===== Input material =====

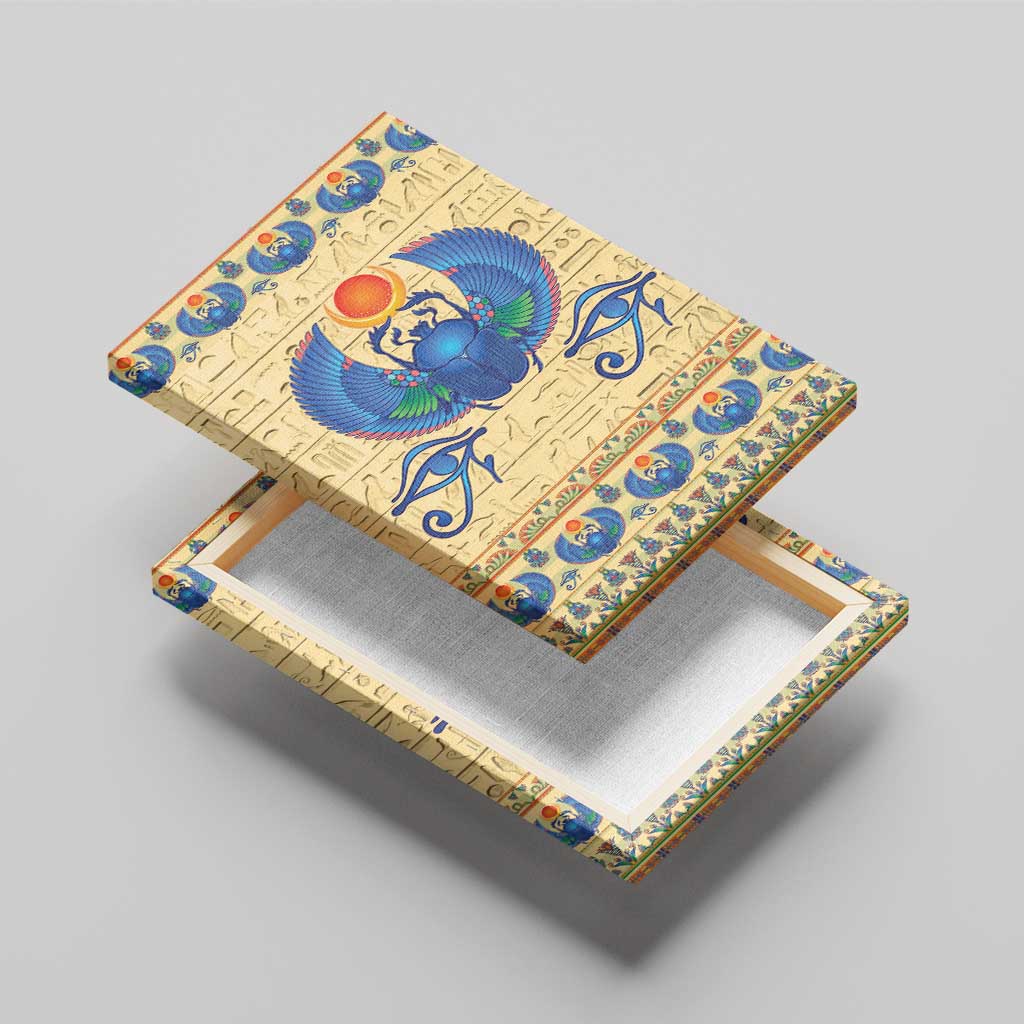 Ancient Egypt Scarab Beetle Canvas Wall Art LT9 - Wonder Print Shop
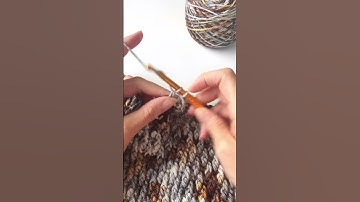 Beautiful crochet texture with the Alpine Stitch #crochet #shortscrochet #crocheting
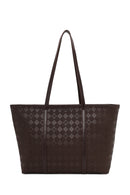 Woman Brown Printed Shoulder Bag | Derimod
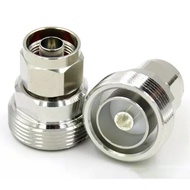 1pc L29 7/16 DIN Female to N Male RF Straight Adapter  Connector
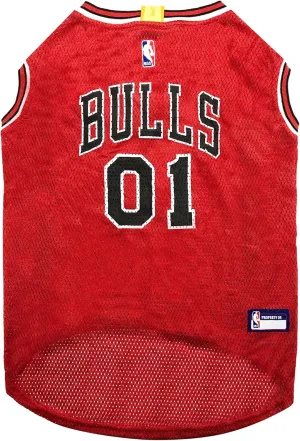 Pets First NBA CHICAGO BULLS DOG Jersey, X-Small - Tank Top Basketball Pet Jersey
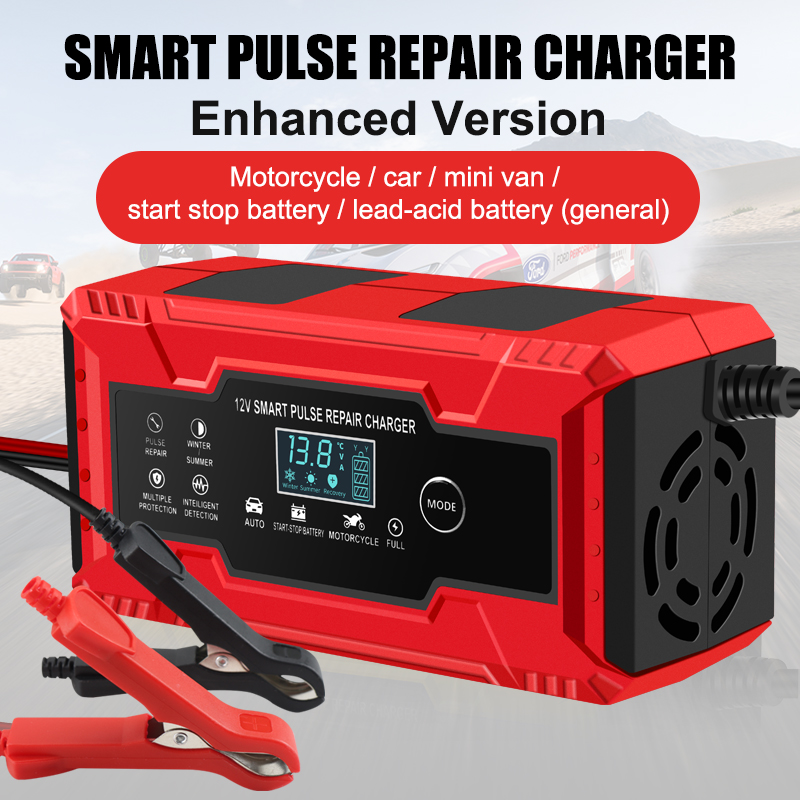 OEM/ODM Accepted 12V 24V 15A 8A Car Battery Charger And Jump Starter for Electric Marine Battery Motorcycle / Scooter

=====
===== Input material =====

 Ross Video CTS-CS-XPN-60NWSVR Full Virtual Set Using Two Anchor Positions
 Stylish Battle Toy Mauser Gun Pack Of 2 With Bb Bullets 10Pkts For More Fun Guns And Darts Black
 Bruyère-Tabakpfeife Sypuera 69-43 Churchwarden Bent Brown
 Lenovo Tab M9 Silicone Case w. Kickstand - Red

=====
===== Input material =====

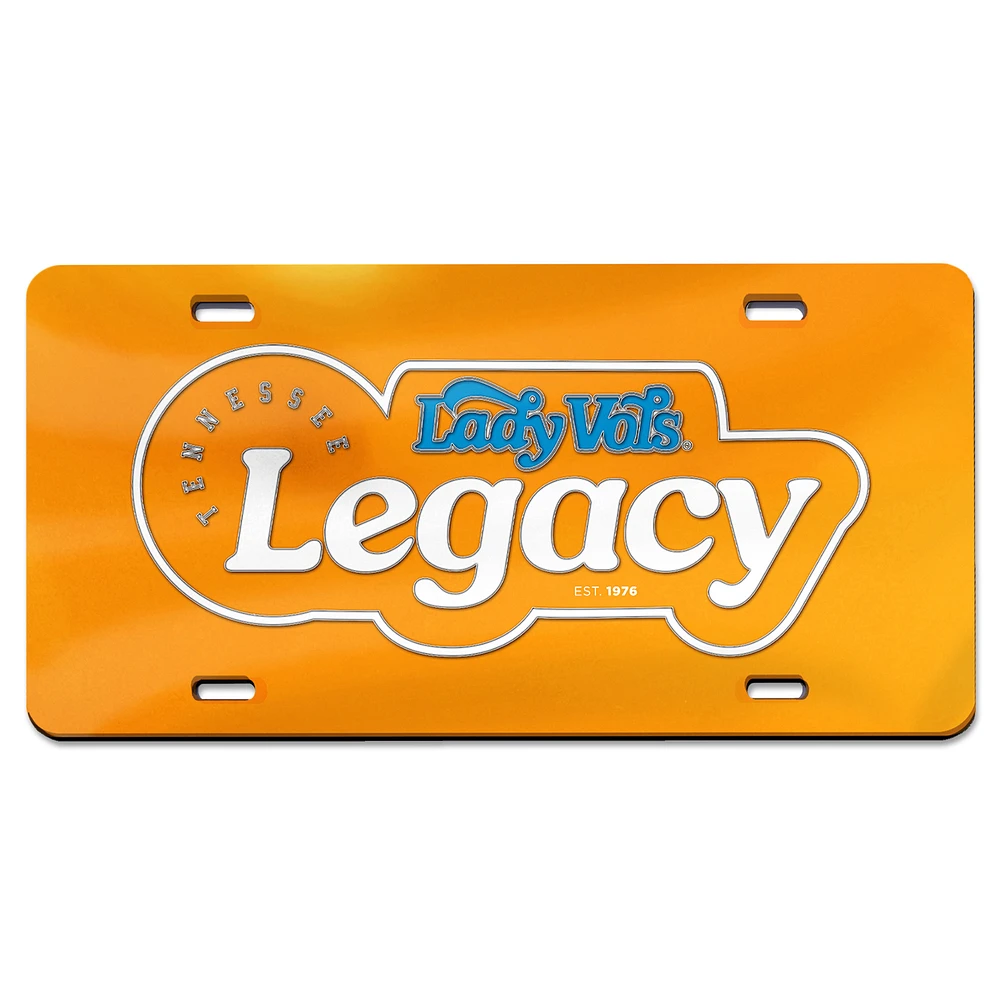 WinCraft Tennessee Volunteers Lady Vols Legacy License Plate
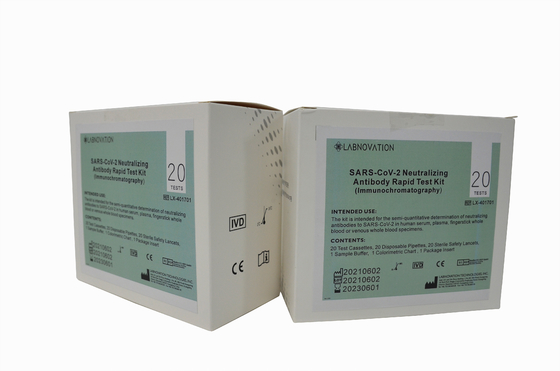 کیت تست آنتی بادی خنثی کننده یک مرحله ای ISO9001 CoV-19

=====

What you need to do — From the records above, transcribe exactly the lines starting at the one containing "Ancient Egypt Scarab" and ending at the one containing "OEM/ODM Accepted 12V". Skip the pictures.

Result for this exercise —
 Ancient Egypt Scarab Beetle Canvas Wall Art LT9 - Wonder Print Shop
 Beautiful crochet texture with the Alpine Stitch #crochet #shortscrochet #crocheting
 Woman Brown Printed Shoulder Bag | Derimod
 1pc L29 7/16 DIN Female to N Male RF Straight Adapter  Connector
 Pets First NBA CHICAGO BULLS DOG Jersey, X-Small - Tank Top Basketball Pet Jersey
 OEM/ODM Accepted 12V 24V 15A 8A Car Battery Charger And Jump Starter for Electric Marine Battery Motorcycle / Scooter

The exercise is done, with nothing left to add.